3. On this basis the learned Civil Judge has granted the opposite party's application for a succession certificate and that order, as stated, has been confirmed by the learned District Judge; hence the present application in revision. The simple contention on behalf of the applicant is that the whole proceeding was entirely beyond the scope of the Succession Act and that the application for a succession certificate was not competent in the circumstances at all. The point is so obviously sound that it is rather surprising that it was never noticed by the Courts below. An application for a succession certificate as contemplated by the Succession Act must be an application in respect of some property belonging to a deceased person. No person, who claims that a certain property belongs to him, can apply for a succession certificate in respect of that property. Section 371, Succession Act, clearly refers to 'the property of the deceased regarding which a certificate may be granted.' Sub-section (3) of Section 372 runs as follows:
Application for such a certificate may be made in respect of any debt or debts due to the deceased creditor or in respect of portions thereof.

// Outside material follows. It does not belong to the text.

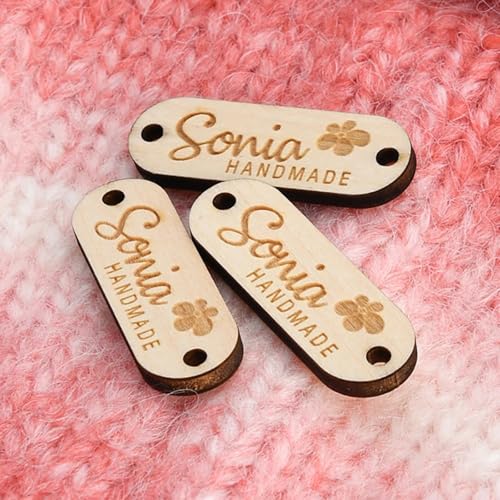 Individuelle hölzerne Strick-Häkel-Kleidungsanhänger, personalisierte Holzanhänger mit Text, Stricketiketten, Logo oder Gravur (braune Farbe, 15 x 38 mm) von XFZDKJSD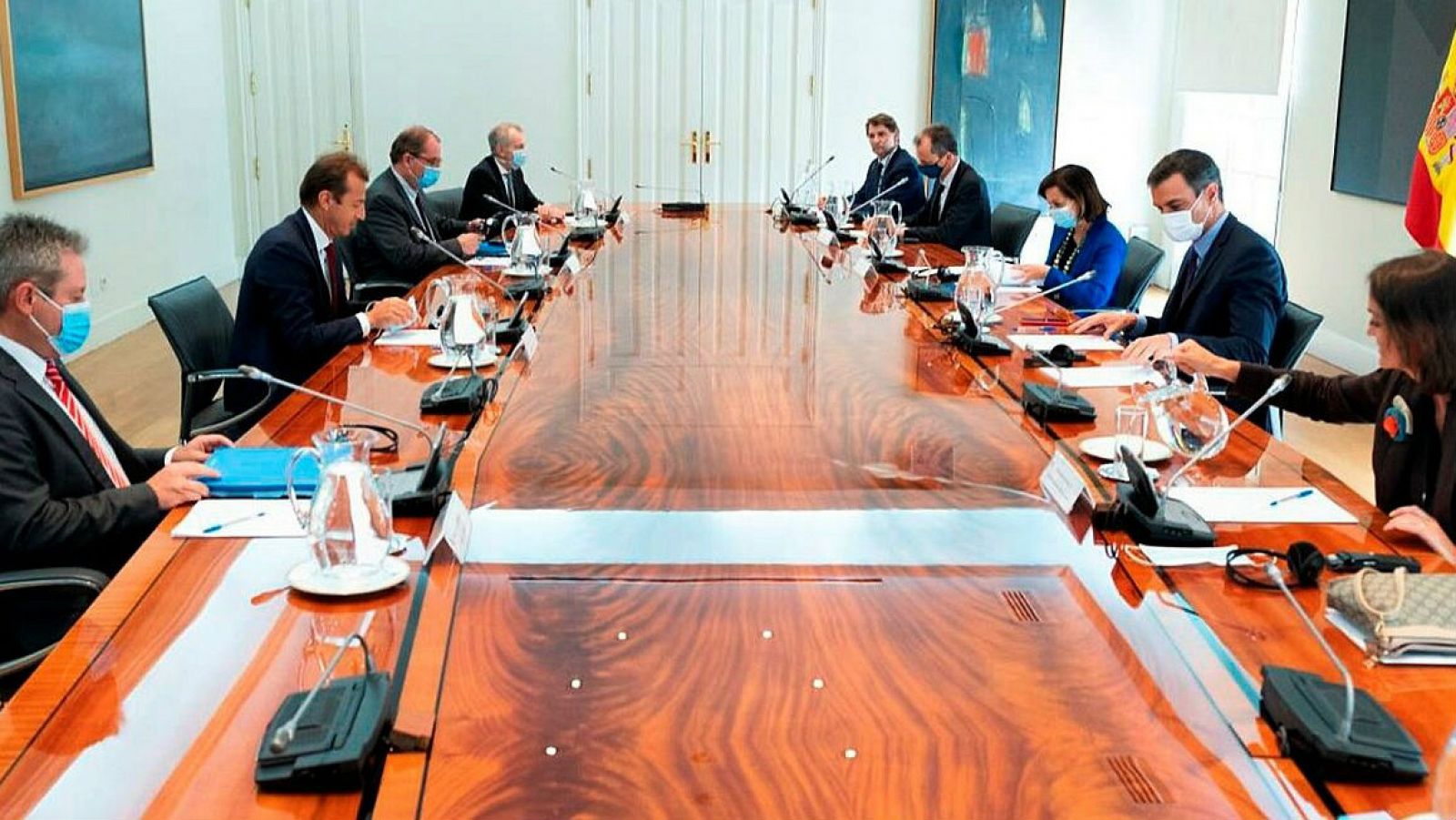 Miembros del Gobierno durante su reunión con el CEO de Airbus, Guillaume Faury, en la que han analizado el impacto de la pandemia en la industria aeroespacial.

4. In my judgment the Succession Act does not contemplate the case of a person applying for a certificate, even though he claims that the property in respect of which he applies belonged not to the deceased person but to himself. Indeed, in this case we have the instance of a person succeeding to himself which obviously cannot be contemplated by the law. Learned Counsel for the opposite party contended that the succession certificate was concerned only with the right of collection and not with any question of title to the property. The simple answer to that argument is that it may be concerned only with the right to collect but that right must relate to the property of a deceased person and not to the property of the applicant himself. I am, therefore, of the opinion that in this case the opposite party misconceived his remedy. The proper course for him, when the post office refused to deliver the amount to him, was to bring a civil suit in order to enforce his right to the amount in question. A moment's consideration will show that if Sada Nand had not deposited the amount in question in the post office savings bank but had retained it with himself the opposite party would still have had the right to recover that amount from him after his conviction in the criminal case by means of a civil suit. The mere fact that a part of the money which Sada Nand embezzled was deposited by him in the post office savings bank cannot give the opposite party the summary remedy of an application for succession certificate. The result, therefore, is that I find that the whole proceeding in this case was without jurisdiction and the orders passed by the Courts below must be set aside. The application is allowed and the orders passed by the Courts below are set aside. The applicant shall have his costs only in this Court. I do not grant him any costs of the Courts below because the point raised here was not urged there.